As much as I love to cook, being in the kitchen for more then 30 minutes isn't always desirable or a possibility, so it's essential for me to come up with quick and easy recipes that I can count on to satisfy my family. For this dish, I just toss the veggies in my food processor and pulse them into tiny pieces (which cuts down on the prep time having to chop everything) and then cook all the ingredients until the orzo and veggie mixture is soft and has a rich cheesy flavor.
My friend's kids love his version of this dish and I was so happy to see Kenya and Chloe felt the same way about mine.
Carrot, Broccoli and Cheese Orzo (serves 4)
- 1 Small Garlic Clove
- 1 Small Shallot
- 1 Cup baby carrots
- 1 Cup broccoli florets
- 2 Tbsp Unsalted Butter or Olive Oil
- 1 Cup White or Whole Wheat Orzo
- 1/2 Tsp Salt
- 1 Cup Water
- 1 1/2 Cups Low Sodium Chicken Broth
- 1/3 Cup parmesan cheese, grated
1. Place shallot and garlic in food processor and pulse to chop.
2. Add baby carrots and broccoli florets to the food processor and pulse, scraping down the sides half way until finely chopped.
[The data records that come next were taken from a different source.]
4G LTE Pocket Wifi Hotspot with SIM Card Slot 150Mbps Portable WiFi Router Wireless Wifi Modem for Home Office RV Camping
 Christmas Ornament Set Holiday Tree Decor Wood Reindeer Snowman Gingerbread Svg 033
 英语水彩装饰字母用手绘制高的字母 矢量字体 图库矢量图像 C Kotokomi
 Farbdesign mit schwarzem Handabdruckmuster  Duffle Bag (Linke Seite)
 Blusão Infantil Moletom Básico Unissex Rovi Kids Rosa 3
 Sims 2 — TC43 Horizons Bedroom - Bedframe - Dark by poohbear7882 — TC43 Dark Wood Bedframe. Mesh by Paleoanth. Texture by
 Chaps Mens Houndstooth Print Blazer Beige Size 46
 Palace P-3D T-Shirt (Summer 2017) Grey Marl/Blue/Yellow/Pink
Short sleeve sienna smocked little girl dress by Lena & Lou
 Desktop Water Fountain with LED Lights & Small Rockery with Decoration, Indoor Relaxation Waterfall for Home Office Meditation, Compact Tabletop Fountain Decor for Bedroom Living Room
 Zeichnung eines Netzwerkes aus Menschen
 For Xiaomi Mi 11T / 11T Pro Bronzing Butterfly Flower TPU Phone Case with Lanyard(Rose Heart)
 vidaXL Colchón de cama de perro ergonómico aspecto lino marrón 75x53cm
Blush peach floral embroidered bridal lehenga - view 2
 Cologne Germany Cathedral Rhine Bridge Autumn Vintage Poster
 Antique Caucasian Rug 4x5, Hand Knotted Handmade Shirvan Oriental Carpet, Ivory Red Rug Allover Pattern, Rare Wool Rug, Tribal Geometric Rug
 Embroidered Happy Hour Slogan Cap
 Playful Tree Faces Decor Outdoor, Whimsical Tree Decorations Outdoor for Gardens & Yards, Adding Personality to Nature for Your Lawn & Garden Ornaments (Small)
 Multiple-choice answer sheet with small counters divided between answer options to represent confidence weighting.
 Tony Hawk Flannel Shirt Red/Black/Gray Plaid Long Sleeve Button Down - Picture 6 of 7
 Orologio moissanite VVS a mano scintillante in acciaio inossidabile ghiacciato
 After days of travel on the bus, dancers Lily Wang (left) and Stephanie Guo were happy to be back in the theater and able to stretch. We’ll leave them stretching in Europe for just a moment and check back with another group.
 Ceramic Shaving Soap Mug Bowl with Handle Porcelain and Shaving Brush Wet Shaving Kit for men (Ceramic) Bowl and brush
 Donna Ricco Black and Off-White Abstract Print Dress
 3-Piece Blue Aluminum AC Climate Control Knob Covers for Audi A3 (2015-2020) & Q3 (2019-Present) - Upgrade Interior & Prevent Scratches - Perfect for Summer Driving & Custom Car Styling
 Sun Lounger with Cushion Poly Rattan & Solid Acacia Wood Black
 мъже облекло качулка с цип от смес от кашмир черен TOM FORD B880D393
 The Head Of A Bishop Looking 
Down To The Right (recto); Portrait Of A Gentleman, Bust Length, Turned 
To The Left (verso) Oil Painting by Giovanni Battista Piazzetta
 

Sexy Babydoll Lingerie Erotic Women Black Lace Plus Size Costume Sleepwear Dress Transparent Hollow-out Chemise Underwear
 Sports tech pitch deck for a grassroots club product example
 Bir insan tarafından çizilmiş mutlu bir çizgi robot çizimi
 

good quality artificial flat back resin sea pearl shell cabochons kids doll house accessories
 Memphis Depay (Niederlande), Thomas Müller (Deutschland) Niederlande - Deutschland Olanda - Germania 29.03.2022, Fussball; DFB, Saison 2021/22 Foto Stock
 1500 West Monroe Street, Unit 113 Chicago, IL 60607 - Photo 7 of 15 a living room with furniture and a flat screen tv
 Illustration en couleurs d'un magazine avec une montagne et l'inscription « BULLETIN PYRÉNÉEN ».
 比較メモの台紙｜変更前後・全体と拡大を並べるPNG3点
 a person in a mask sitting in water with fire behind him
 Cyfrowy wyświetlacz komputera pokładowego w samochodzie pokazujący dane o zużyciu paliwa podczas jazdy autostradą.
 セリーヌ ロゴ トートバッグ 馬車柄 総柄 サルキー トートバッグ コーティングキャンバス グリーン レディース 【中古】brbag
3. In a large stock pot, heat 2 tbsp of butter or olive oil and sauté the chopped vegetables, raw orzo and salt for 4 minutes stirring continuously.
4. Add the salt, water and broth to the pot and cook over medium heat for 10
minutes uncovered, or until the liquid starts to evaporate and the mixture thickens.
5. Add the Parmesan cheese and stir to combine.